*** Opening of DATA EXCERPTS ***

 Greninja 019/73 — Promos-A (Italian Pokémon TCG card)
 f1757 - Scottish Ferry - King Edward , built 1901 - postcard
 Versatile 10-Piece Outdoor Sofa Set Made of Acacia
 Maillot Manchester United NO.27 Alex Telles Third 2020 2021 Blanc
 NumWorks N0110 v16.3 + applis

*** Close of DATA EXCERPTS ***
*** Opening of DATA EXCERPTS ***

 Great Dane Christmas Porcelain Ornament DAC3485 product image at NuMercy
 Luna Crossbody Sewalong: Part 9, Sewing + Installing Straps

*** Close of DATA EXCERPTS ***

ACTIVITY:
From the listing above, return the lines starting at the one with "Greninja 019/73 —" and ending at the one with "NumWorks N0110 v16.3 + applis", both kept, exactly as they appear and nothing more.

TASK ANSWER:
 Greninja 019/73 — Promos-A (Italian Pokémon TCG card)
 f1757 - Scottish Ferry - King Edward , built 1901 - postcard
 Versatile 10-Piece Outdoor Sofa Set Made of Acacia
 Maillot Manchester United NO.27 Alex Telles Third 2020 2021 Blanc
 NumWorks N0110 v16.3 + applis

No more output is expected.